Nobody who actually enjoys writing wants to see AI replace human writers. The people who are using GPT-3 to write their books for them are overwhelmingly people in economic situations that demand absurd amounts of output for them in a short time. They're self-published authors on Amazon who know that the algorithm is going to abandon them if they don't churn out a book every two months. Or they're underpaid writers working for content farms, sweating for ad money. (And in some cases they are simply writers who think the software is a cool toy and want to see what happens - but that use case doesn’t worry me as much.)
I don't think most people who develop these tools are snickering into their hands, going "bwahaha, we will make human creativity obsolete!" But they've released these tools into a world in which economic conditions dictate that people will be incentivized to let AI do their writing for them, and in which the very rich people at the top of the heap are alr incentivized to ask for more and more cheap writing faster.
While I'm not as familiar with the world of illustration, it seems like the conditions are similar. There are big powerful companies that don't see why they should pay gfor a humann artist's work when there are cheaper, faster options; and there are tiny little outfits that maybe would like to pay good money (or maybe not; who knows?) but who don't have that much in the first place and are tempted to cut corners where they can.
As Ted Chiang writes in one of my favorite AI essays ever, most of the AI problems that scare us are actually capitalism problems. And I don’t think AI art is any different.
I also don't think my tiny little computational creativity research community ever really talked about this. (I may be forgetting someone's work or overlooking someone who published something useful after I graduated; if so, many apologies and please link me.) There were some discussions to the effect of what if AI can do something that humans used to do themselves, is that good or bad, how would the creative world adjust - but I don't think anyone from that community sat down and discussed the economic conditions that incentivized people to automate things even when they wouldn't otherwise want to, or to replace people with software even when the software is not as good. These discussions have happened elsewhere, but I don't think we ever really talked about how it applied to us.***
There's a lot more to say about this in future posts, but in the meantime: Fuck capitalism. Or at least, that's where I'm putting the blame today.
*I'm lumping art generators like Midjourney in with large language models for simplicity, for reasons that will make more sense to a computer scientist. Obviously art is not language; in practice, these models do need some relatively sophisticated way of handling language in order to take text prompts, and the way they learn visual art from large data sets is broadly similar to the way they learn language.
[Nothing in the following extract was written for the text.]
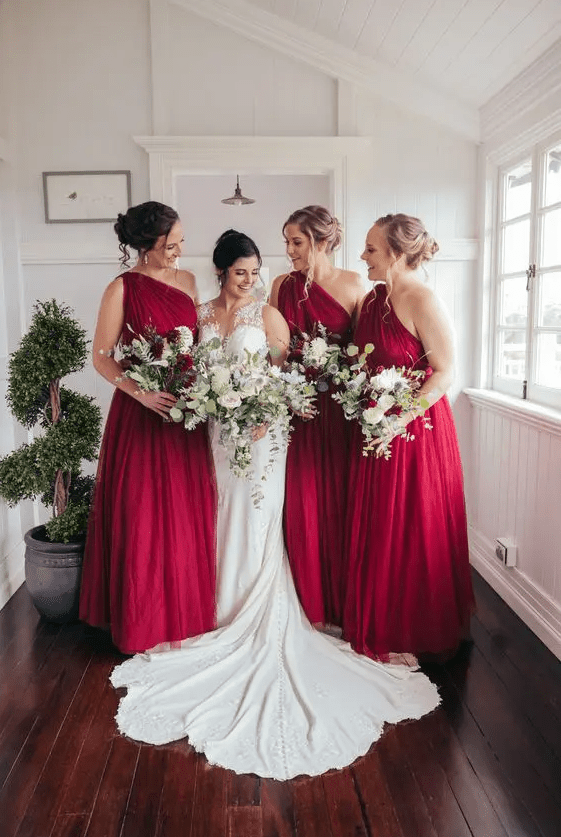 Lovely deep red one shoulder A line maxi bridesmaid dresses with draped bodices and skirts for a Christmas wedding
**Technically there were a few smaller neural network-based language models that showed promise before I graduated; I was pretty impressed with some of Ross Goodwin’s results at poetry generation, for instance; but these models were still a rare, niche thing at the time, and there were also many small attempts at neural network text generation that failed badly.
***I'm maybe taking on a little more collective blame here than I deserve, or lumping two communities together that have been largely separate in practice. There’s a lot of inside baseball here that I don’t want to go into, but the short version is that the academic community I was part of and the corporate/startup communities that are making these things are really not the same community at all, and communication between the two tends to be minimal. This doesn’t obviate the fact that both communities were working on similar problems, and that mine didn’t really take the dangers seriously.